Harry Lin - Brief Introduction of Image Quality Transfer for Paediatric Epilepsy Diagnosis Assistance in Developing Countries: Advance, Technology, and Application
Abstract: Epilepsy has become the most common neurological disease for Nigerian children. In the developing countries including Nigeria, the open-bore 0.36 T MRI scanner is more popular due to easy installation and economic electric power consumption. However, this low-field scanner is not sufficient to examine the subtle legion. The legion visualisation in children’s brain may be hindered by low SNR and low contrast in between GM and WM.  The proposed image quality transfer (IQT) is a machine learning technique producing a high-field MRI image with the same image quality as if scanned by a high-field scanner. The IQT method incorporated with U-net, one of the convolutional neural network architectures, propagates the low-field image to the corresponding high-field one by learning a transferring map from input-output pairs in a training set. We propose several tricks to implement IQT suitable for 3D volumetric image on GPU computing realistically. The resulted images show a prospect of applying IQT to the clinical stage.

Michele Guerreri - Diffusion MRI models for brain tissues: a NODDI revision for multiple b-tensor encoding and γ-imaging to investigate brain-aging
Abstract: Diffusion MRI (dMRI) is an important tool to investigate the microscopic structure of living tissues non-invasively.
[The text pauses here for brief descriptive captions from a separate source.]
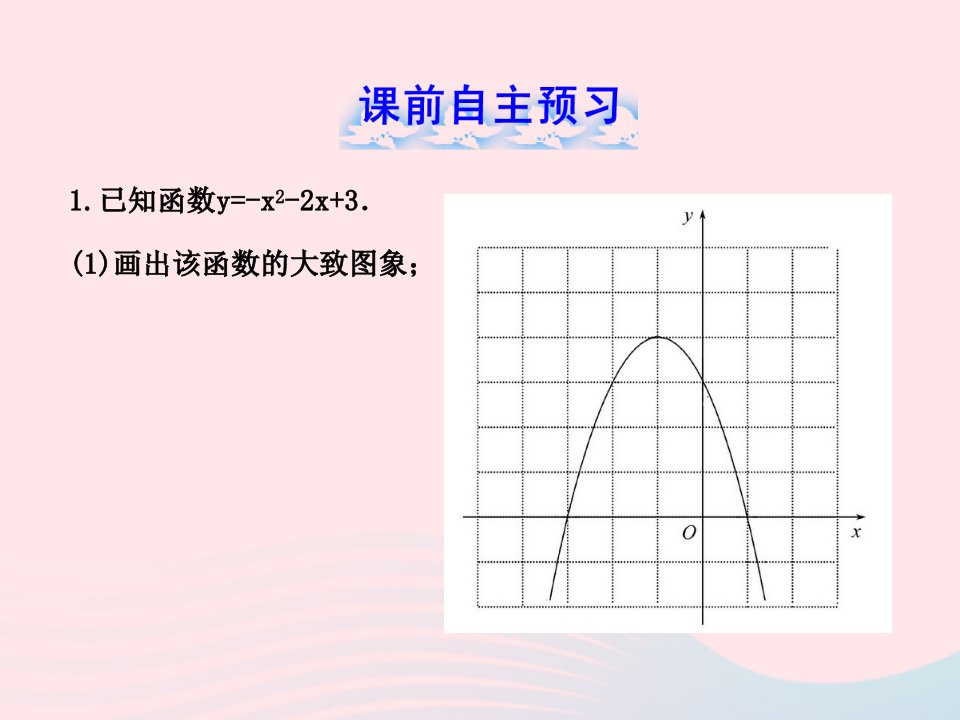 九年级数学下册第27章二次函数27.3实践与探索2实践与探索第2课时课件华东师大版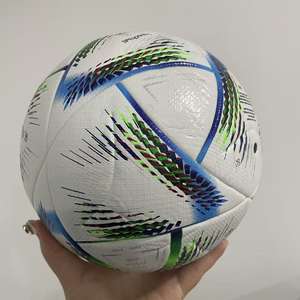 Ballon de football de la Coupe du monde de football 2026, le plus populaire, de haute qualité, en PU, collé à chaud, ballon de football professionnel, taille personnalisée 5 - Product Image 1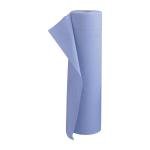 5 Star Facilities Hygiene Roll 20 Inch Width 100 Percent Recycled 2-ply 130 Sheets W500xL457mm 40m Blue 843496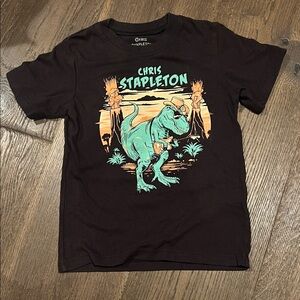 Chris Stapleton Dino Guitar Tee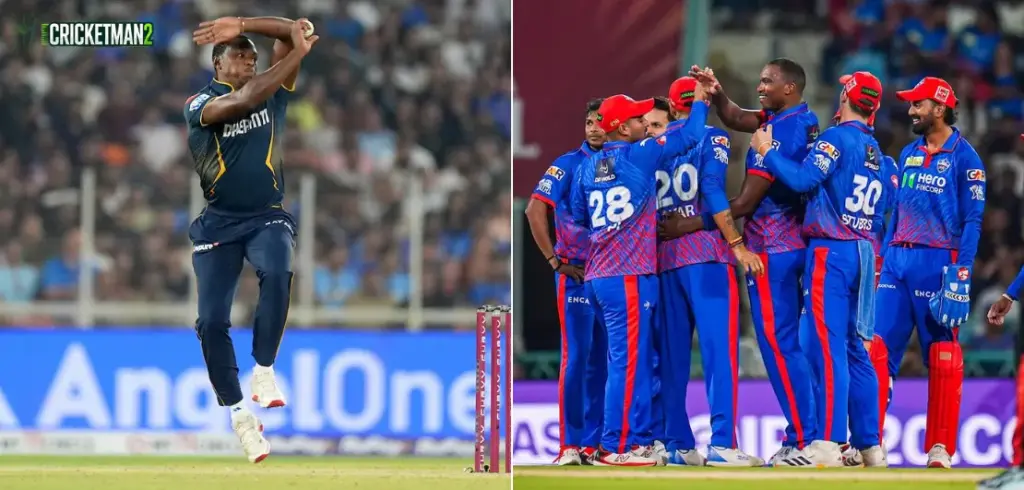 Kagiso Rabada vs DC in IPL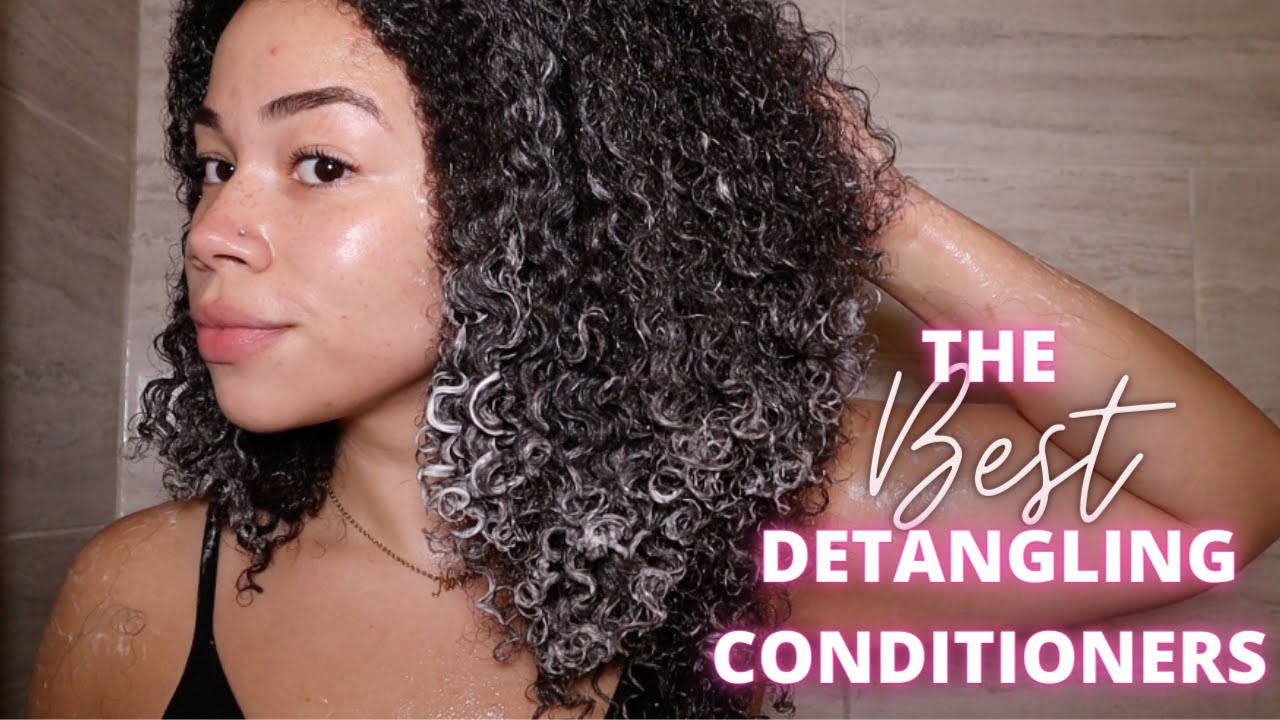 Curlsmas Day 18 My FAVORITE Detangling/Hydrating Conditioners for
The dMRI signal contains indirect information about the microscopic organization of the tissue under investigation. However, The reconstruction of the underlying microscopic architecture is not simple. A plethora of mathematical models have been proposed to address this problem.

In this talk I will present the part of my PhD work which focused on dMRI models for brain tissues. The presentation is divided in two sections: in the first part, the revision of NODDI model will be discussed. NODDI is a widespread biophysical model which aims to infer neurite morphology from conventional dMRI data. NODDI has been shown to be incompatible with data acquired using a new generation of dMRI acquisitions, known as multiple b-tensor encoding. NODDI’s tortuosity constraint has been addressed as the cause of this inconsistency. The aim of this work is to revise the NODDI model in order to make it compatible with multiple b-tensor encoded data, showing that this can be achieved without forgoing the tortuosity constraint.

In the second part of the presentation, the assessment of age-related brain modifications via the so called γ-imaging approach will be discussed. γ-parameters are thought to depended on local inhomogeneities due to magnetic susceptibility differences between tissues and diffusion compartments, potentially providing information about myelin orientation and iron content within brain. In this study, we analysed a cohort of young-to-elder healthy subjects. The results showed that γ-imaging provides complementary information about brain aging microscopic modifications compared to other conventional dMRI techniques.